Ao que parece, aquele ditado de quem casa quer casa está ficando para trás. Os números da Superintendência Regional da Caixa Econômica Federal em Bauru confirmam isso. Atualmente, 38% dos mutuários da instituição têm menos de 30 anos.

Já que a faixa etária de 31 a 45 anos responde por 45,10% dos mutuários. Outros 14,50% possuem entre 46 e 60 anos. Os mutuários com idade acima de 60 anos respondem por apenas 2,4% do contratos fechados nos últimos sete anos no Estado de São Paulo.

Outro dado interessante é de que 31,8% dos contratos fechados nesse mesmo período no Estado tinham mulheres como titular, ou seja, quase 177 mil dos pouco mais de 524 mil contratos assinados no período.

O superintendente regional da Caixa em Bauru, José Paulo Gomes de Amorim, explica que em boa parte dos contratos restantes, a escritura do imóvel saiu em nome da mulher. A faixa salarial de quem mais procura a Caixa para financiar um imóvel está entre R$ 1.395,00 mensais (três salários mínimos nacionais) e R$ 2.790,00 mensais (que corresponde a seis salários).

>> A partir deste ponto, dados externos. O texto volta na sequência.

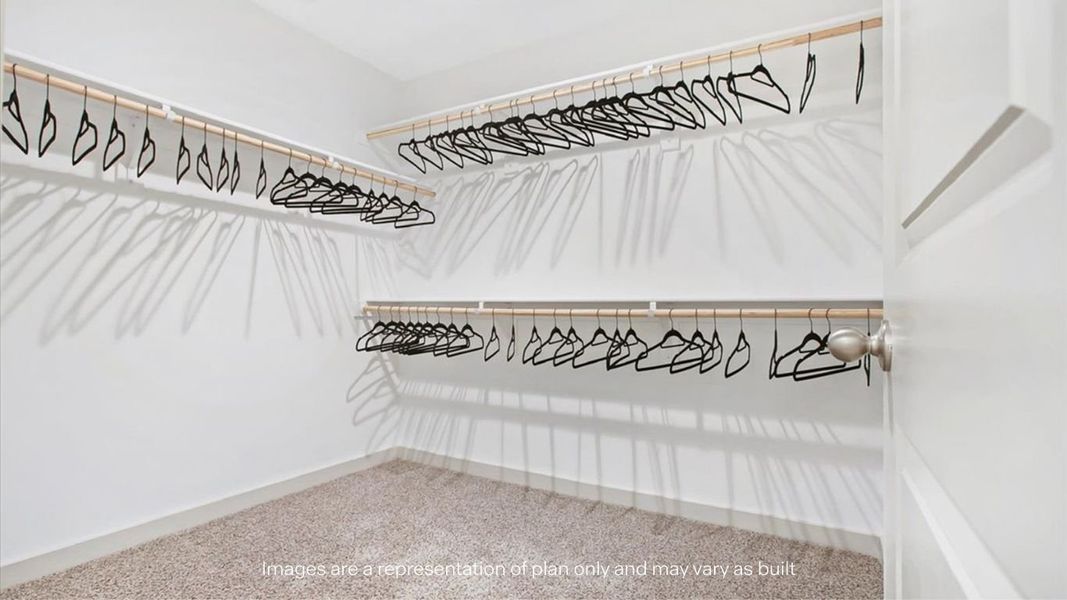 Spacious, unfurnished interior of a new home in Terra Vista, Lubbock (Image 19).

No primeiro semestre de 2008, a Caixa empregou em financiamento habitacional na regional de Bauru cerca de R$ 88,7 milhões. Já no primeiro semestre deste ano, os investimentos saltaram para R$ pouco mais de R$ 132,8 milhões. A diferença de pouco mais de R$ 44 milhões corresponde a quase 35% a mais de investimentos somente nesse período.